Coated papers have a coating on them (typically clay), so they’re “sealed.” This restricts the amount of ink/toner that is absorbed into the paper, allowing the ink to sit on top of the paper, in a crisp defined dot. Has a crisper, sharper finish, great for solid colors
When to Choose Coated Paper
Coated stock has a surface sealant (think of varnish on wood). This is made up of various liquids and clay (and other substances). Coating allows ink to sit up on top of the surface of the paper without seeping into the paper fibers. Halftone dots and type are therefore very crisp and controllable during the printing process.
What is Uncoated Paper?
Uncoated papers do not have this coating and thus are more porous. The ink/toner saturates into the paper and has a softer, warmer appearance. Great for halftones
When to Choose Uncoated Paper
Uncoated paper is exactly what it sounds like – paper that has no extra coating or paper finishing. Since there is no coating, there is no glare on the surface.
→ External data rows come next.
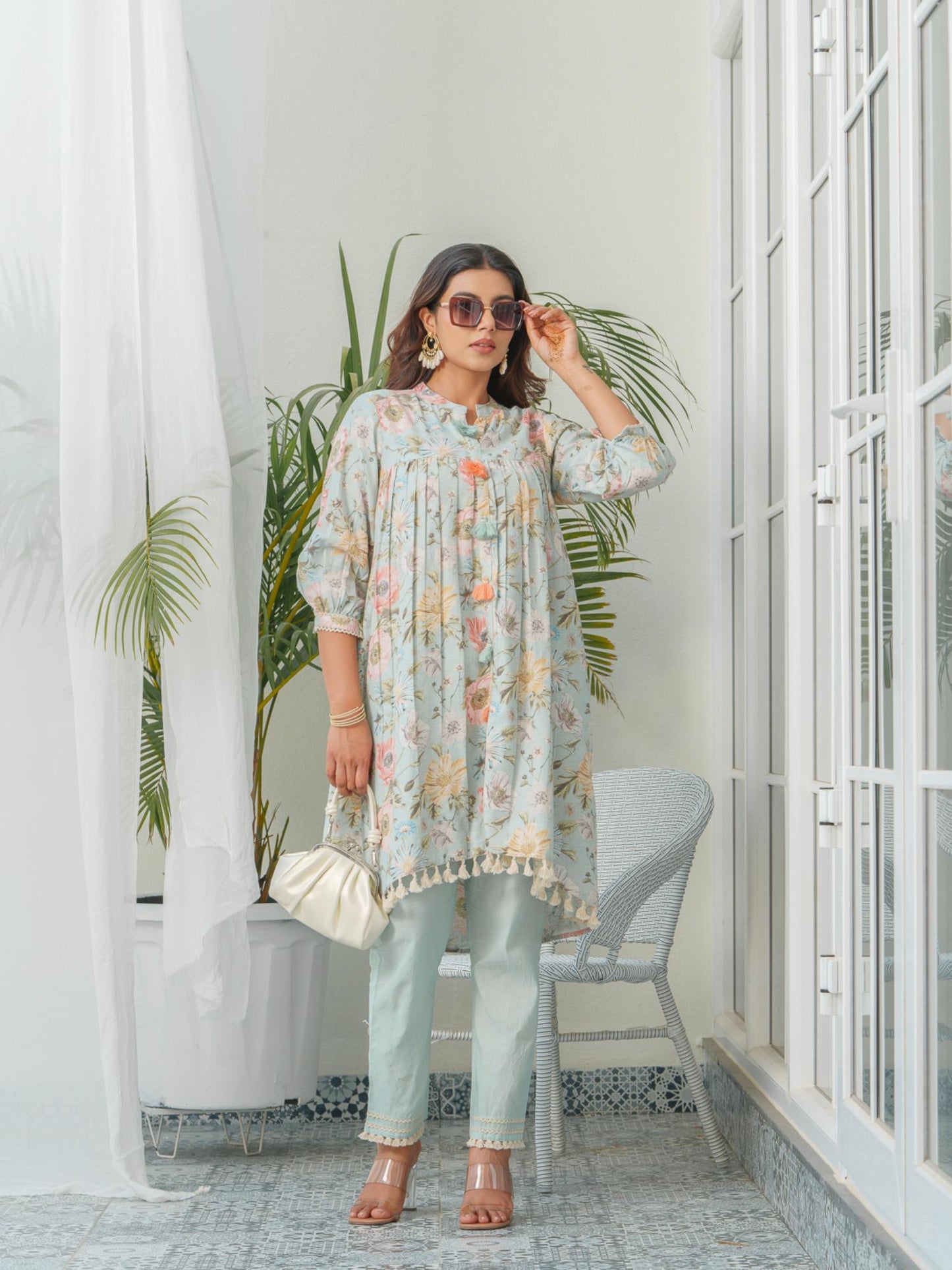 Floral Printed Mandarin Collar Linen Pleated Co-Ord Set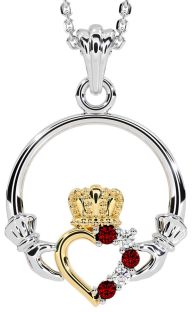 Diamond Garnet Gold Silver Claddagh Necklace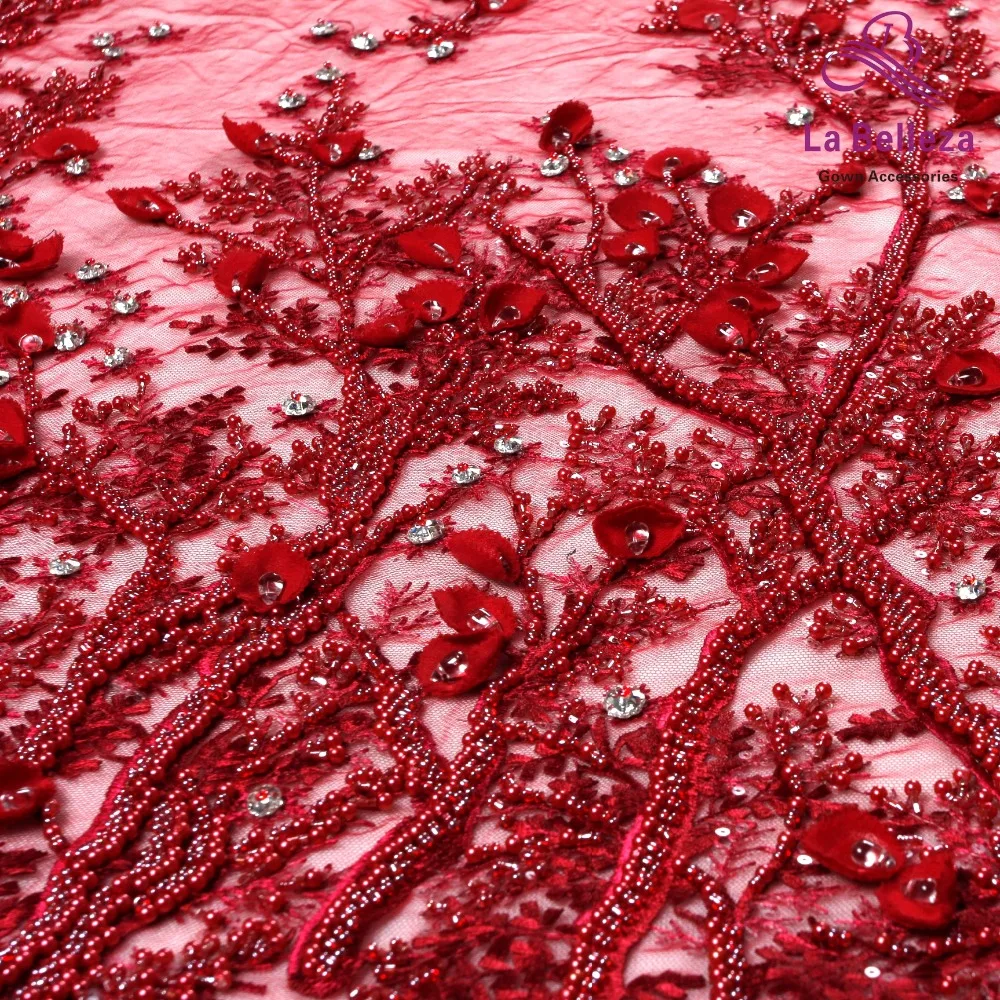 Хорошие новости, есть несколько ярдов La Belleza грязно-розовый ручной работы Бисероплетение Кристалл 3D Цветы вечернее платье кружевная ткань 1 ярд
This makes it ideal for prints that have a lot of text or reading materials. … All bond stock paper is uncoated.
Great for products with lots of white, muted backgrounds and soft colors
Deciding Between Coated & Uncoated Paper
Ultimately, the deciding factors are what you’re printing and how you want it to look.
- Coated paper: Best for images, clear printing, smooth feel, and customizable finishes.
- Uncoated paper: Best for text, rougher texture, and a rustic, natural look.